Tickets are $37 in advance, $40 day of show (including all service charges). They are also available by phone through Hold My Ticket at 505-886-1251.
This is a standing room only show. There are no seats at Meow Wolf. 21+ ages.
Both bands will be performing full sets, with Meat Puppets going on at 8 and Mudhoney at 10 PM.
Since the late '80s, Mudhoney—the Seattle-based foursome whose muck-crusted version of rock, shot through with caustic wit and battened down by a ferocious low end—has been a high-pH tonic against the ludicrous and the insipid.
Thirty years later, the world is experiencing a particularly high-water moment for both those ideals. But just in time, vocalist Mark Arm, guitarist Steve Turner, bassist Guy Maddison, and drummer Dan Peters are back with Digital Garbage, a barbed-wire-trimmed collection of sonic brickbats. Arm's raw yawp and his bandmates' long-honed chemistry make Digital Garbage an ideal release valve for the current pressure cooker, its insistent rhythms forcing movement and Arm's sardonic lyrics offering a funhouse-mirror companion to the ever-more-ridiculous news cycle. "My sense of humor is dark, and these are dark times," says Arm. "I suppose it's only getting darker."
The band's latest release, Morning in America, consists of seven songs that were recorded during the sessions for Digital Garbage.
At their induction into the Arizona Music & Entertainment Hall of Fame in 2017, Meat Puppets, one of the most compelling, original and enduring bands in rock history, managed to both honor their story and introduce its next chapter.
On that night in August, at the Celebrity Theatre in Phoenix, founding members Curt Kirkwood, on vocals and guitar; his brother Cris Kirkwood, on bass and vocals; and Derrick Bostrom, on drums, joined together onstage for the first time in over two decades.

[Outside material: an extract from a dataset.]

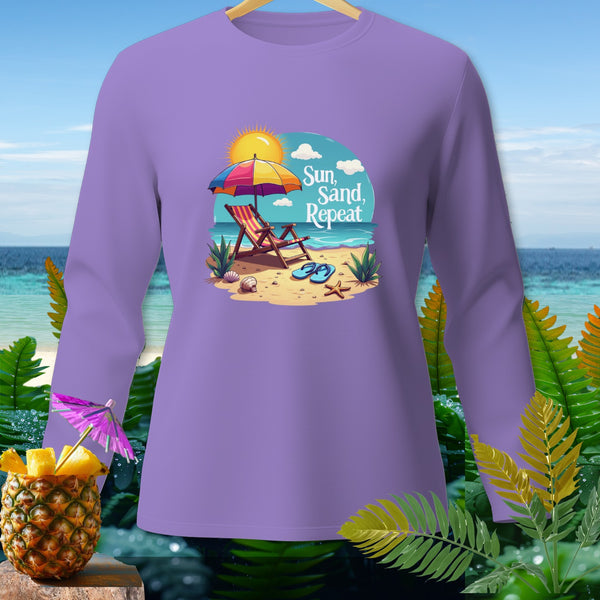Purple long-sleeve shirt with a beach graphic and text "Sun, Sand, Repeat".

Throughout a set that included era-defining songs like "Lake of Fire," "Plateau" and "Backwater," the chemistry was more than promising, as Bostrom isn't shy to point out. "It was so intense that even I couldn't deny it!" he recalled recently. "It was just like, now I remember why we did this. It was magical."
The white-hot enthusiasm he felt at that awards ceremony in Phoenix hasn't waned. That rekindling has resulted in Dusty Notes, the first Meat Puppets studio album Bostrom has participated in since 1995's No Joke! "This is a classic situation where the project took us over and we way exceeded our expectations," he said of Dusty Notes, going on to call it the "best record we've ever done."